Doing so sends a remote command to the machine to destroy—irrecoverably—all files and folders in the My Documents directory and everything in the Settings folder, where all user data, including Internet history, cookies, and logon information, is stored. All that's left is the operating system. Meanwhile, the Inspice Trace software continues to track the machine's location.
Nuclear Option Plus
On the Mac side, a Belgian company called Orbicule has developed a program called Undercover that does many of the things that CompuTrace does, but with a few twists. First, it sends screen shots of what your Mac is being used for. And if your machine has a built-in iSight camera, as most recent Apple notebooks do, it snaps a picture of the person who has your machine every six minutes. If the machine can't be recovered, Undercover makes it start misbehaving. The screen starts to go dark, until it is unusable after 30 minutes.
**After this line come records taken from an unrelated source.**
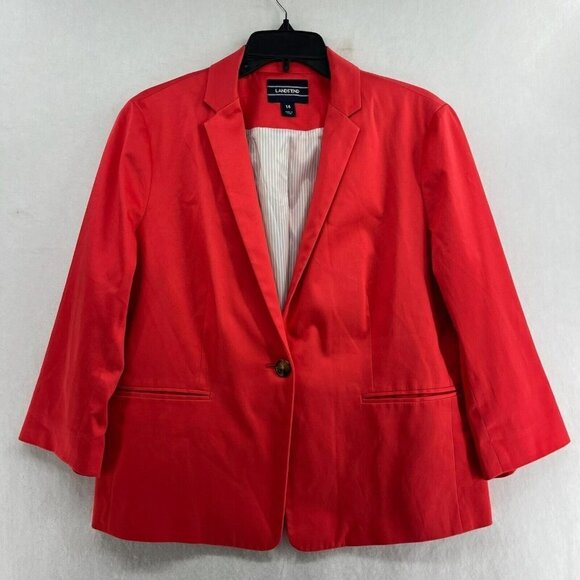 Lands' End Jackets & Blazers - Lands' End Blazer Women's Sz 14 Red One-Button Single-Breasted Striped Lining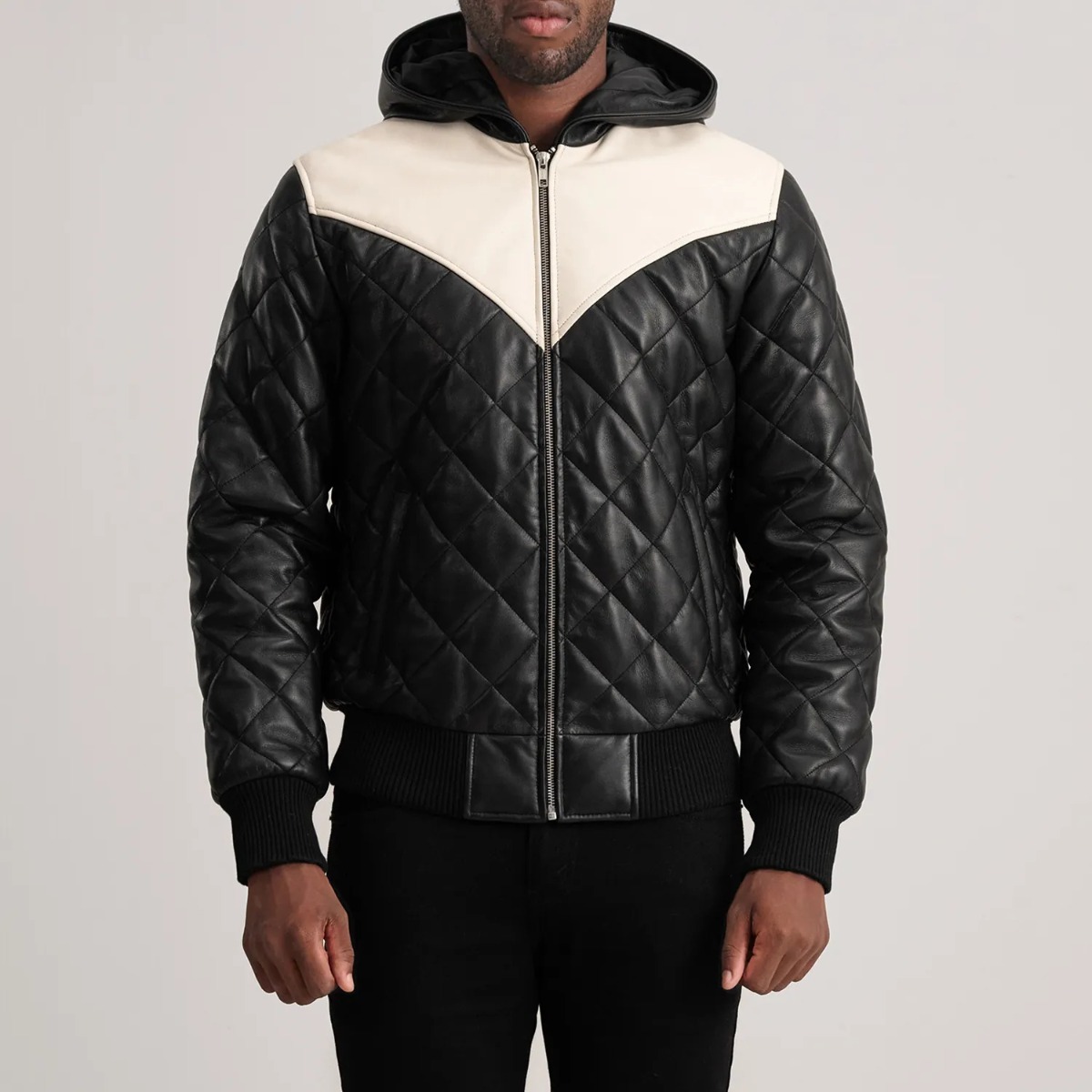 Norman Hooded Bomber Leather Puffer Jacket - Image 4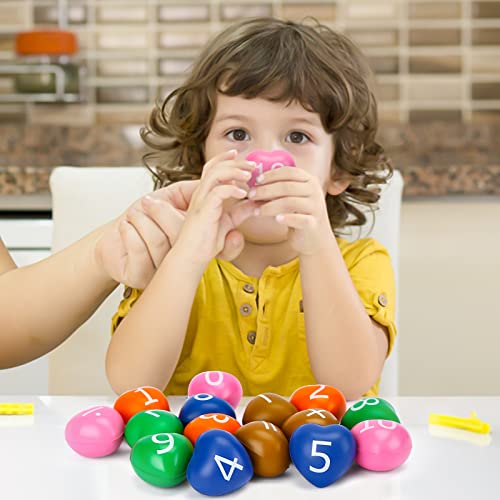 LOVESTOWN Math Stress Balls, 15PCS Multicolor Heart Shaped Balls Stress Relief Toys Squeeze Balls for Preschool Education Arithmetic Addition Subtraction Multiplication and Division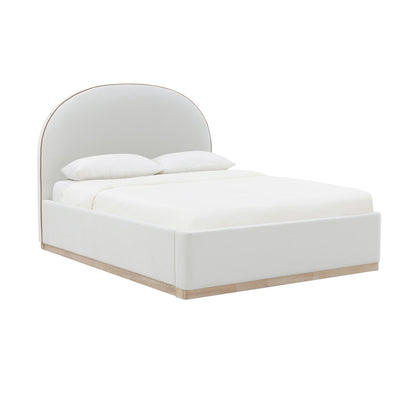 Marlow Performance Velvet Bed - Cream / Queen - Image 1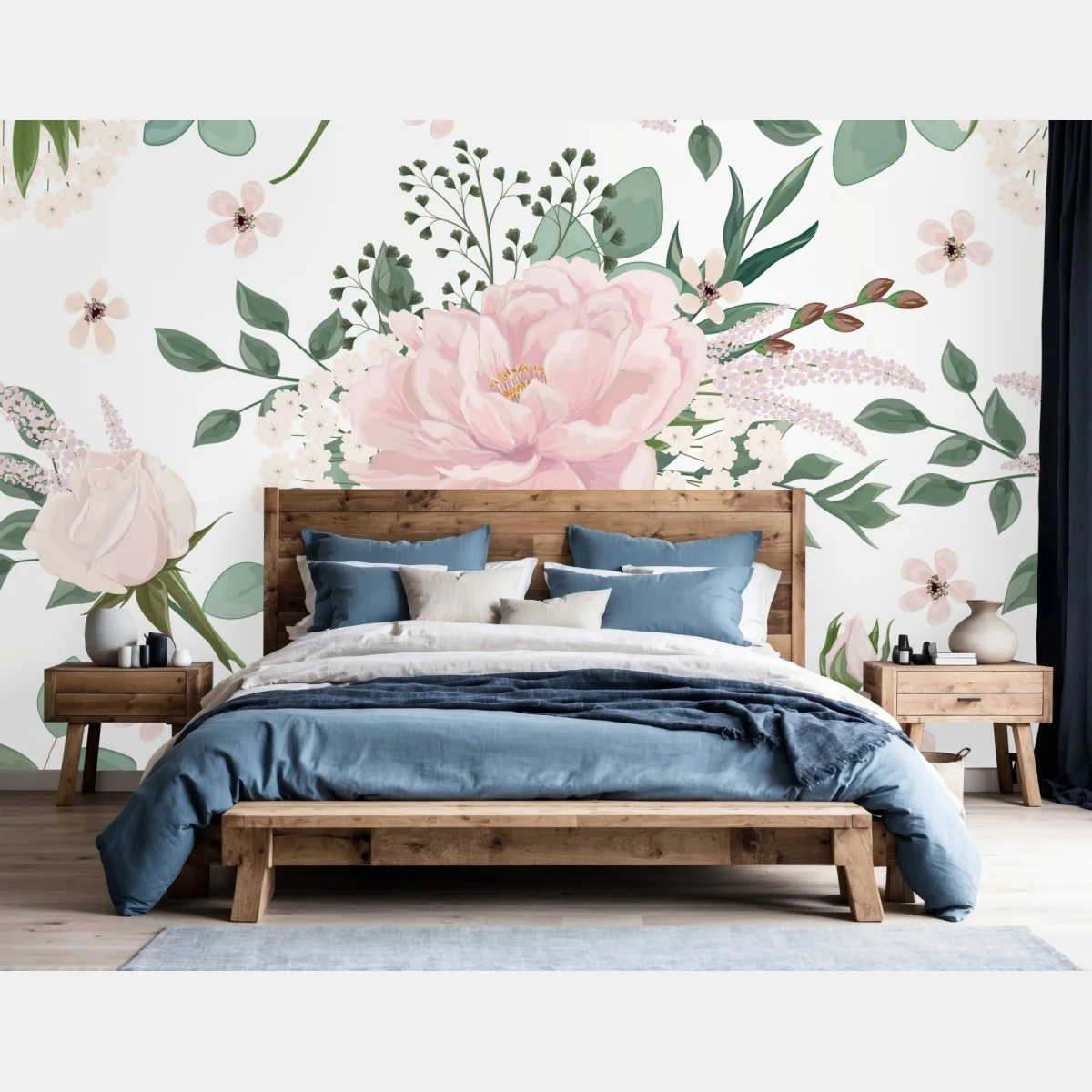 Fototapeta delikatny różowy wzór peonii – Wallissimo® Fototapeta delikatny różowy wzór peonii – Wallissimo®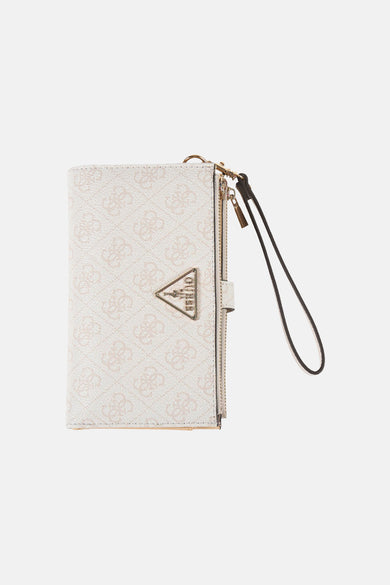 Portefeuille beige Guess, avec un imprimé logo intégral et une dragonne.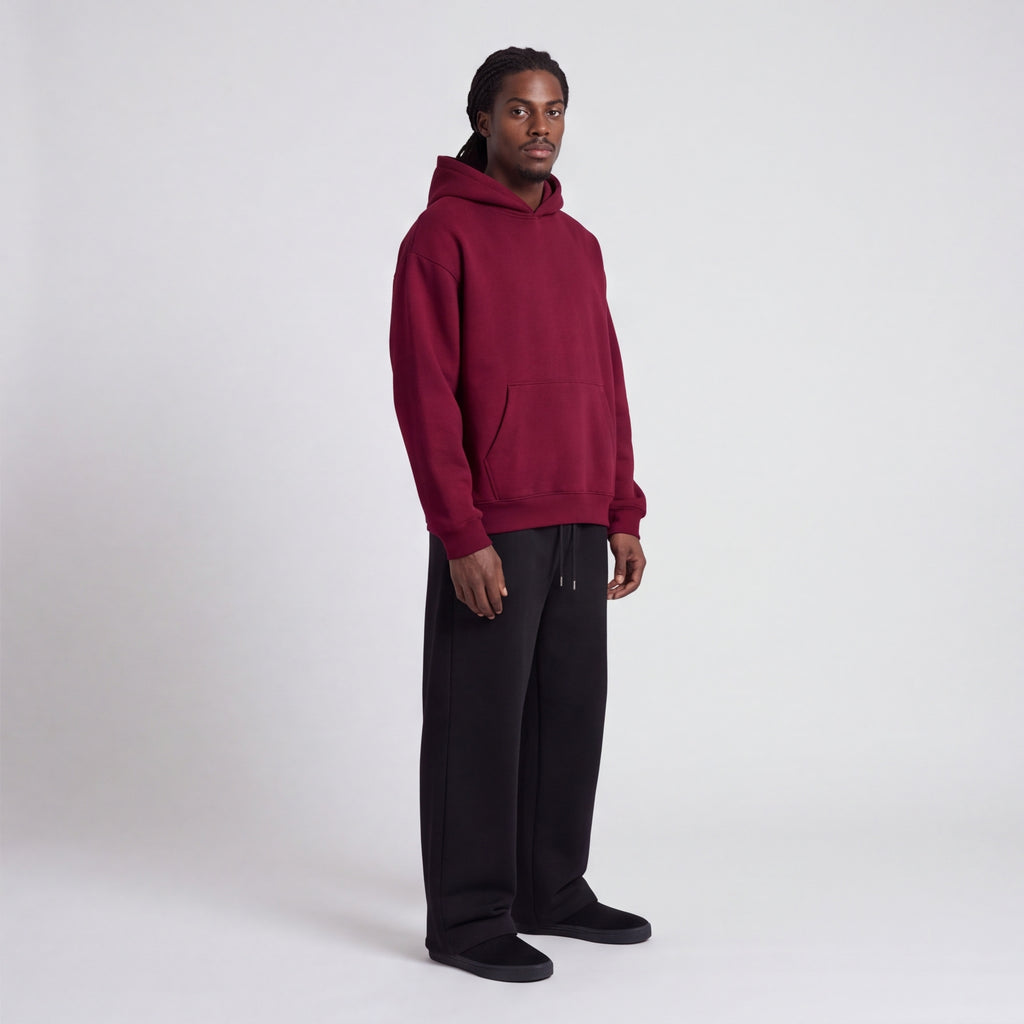 Heavyweight Fleece Pullover Hoodie Burgundy
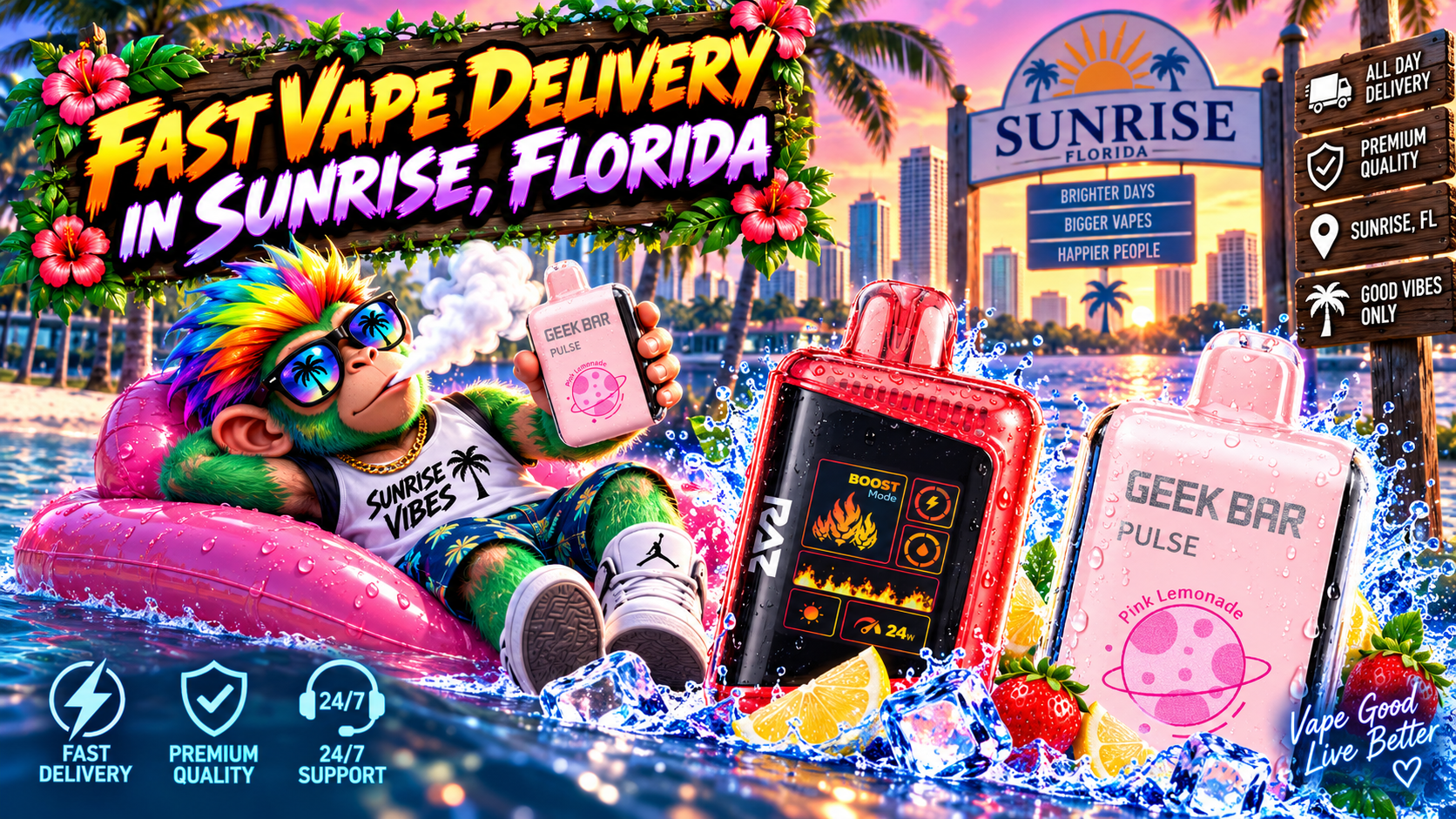 Fast Vape Delivery in Sunrise, Florida Colorful vape devices with water splashes, ice and fresh fruit against a tropical Sunrise, Florida sunset.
The idea is that the unreadable screen will prompt the thief to seek help from a certified Mac repair tech. At the repair shop, the previously darkened machine reveals itself to be a stolen machine, offering a finder's fee for the machine's prompt return.
Sound the Alarm
Nothing impedes a thief like a nice loud alarm. Targus' Defcon 1 sounds a 95-decibel alarm when the steel cable connecting it to your notebook or its carrying case is severed, or when the motion sensor embedded in its body is triggered.
The best prevention is often good ol' common sense. When traveling, don't let your notebook leave your person, carry cables to secure it to furniture in your hotel room, and, if one is available, lock it up in a hotel-room safe when you're not in the room. And, finally, as a hedge against all good intentions, regularly back up your important data to an external hard drive at home or at the office.